D'où une fin de discussion très pessimiste : "Le développement durable est une notion à laquelle je ne crois plus. On ne peut pas maîtriser le développement. Et pour être durable, il faudrait être à l'état d'équilibre, or cet équilibre n'existe pas. Avant, j'étais alarmé, mais j'étais optimiste, actif, positiviste. Je pensais que les économistes, les politiques, les citoyens pouvaient changer les choses. J'étais confiant dans notre capacité à trouver une solution. Aujourd'hui, je ne le suis plus… sauf à espérer un sursaut inattendu de l'homme".

La question est donc : comment aboutir à ce sursaut ? Faut-il attendre une catastrophe épouvantable ? Ou bien, même dans la catastrophe, les hommes vont-ils se tourner vers des solutions traditionnelles ?

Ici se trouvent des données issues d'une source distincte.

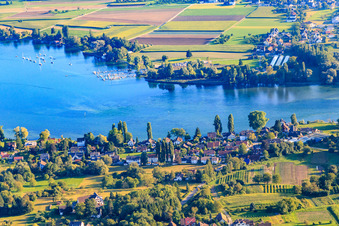 Vue aérienne de Les rives du lac de Constance sur l'Untersee/Rhin du côté badois et suisse à le quartier Stiegen in Öhningen dans le département Bade-Wurtemberg, Allemagne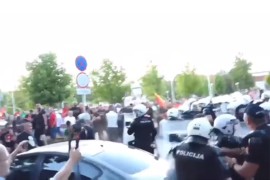 Nemiri u Nikšiću, policija bacila suzavac
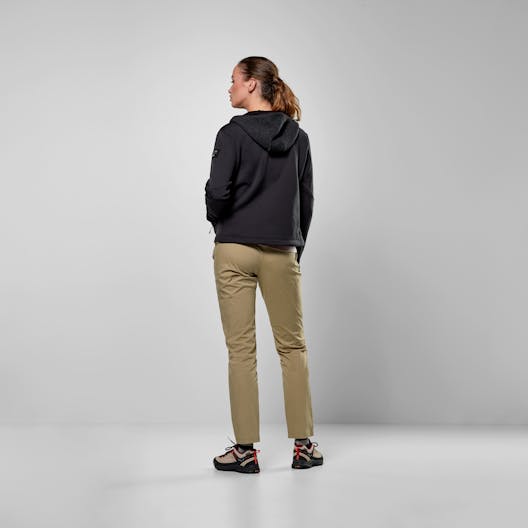 Fanes Sarner Light Hybrid Jacket Women on_body image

Après l'affolement général dû à la crise financière, les gouvernants ne sont-ils pas en train de revenir à une position ancienne ? C'est l'attitude de G. Bush : inutile de s'agiter, de toute façon, le libéralisme a toujours trouvé un point d'équilibre. Ces propos qui se veulent rassurants (pour qui ?) rapprochent le laisser-faire économique du comportement de Ponce Pilate. Mais doit-on leur préférer un interventionnisme qui pourrait se traduire par le don de 25 milliards d'euros à des firmes automobiles qui n'ont pas voulu s'adapter au changement énergétique ? La défense des habitudes ancrées dans la consommation n'est pas le sursaut attendu. Sauf si les milliards accordés à General Motors sont investis en R&D et en production de véhicules au moins hybrides. Gageons que ce n'est pas ce qui va se produire…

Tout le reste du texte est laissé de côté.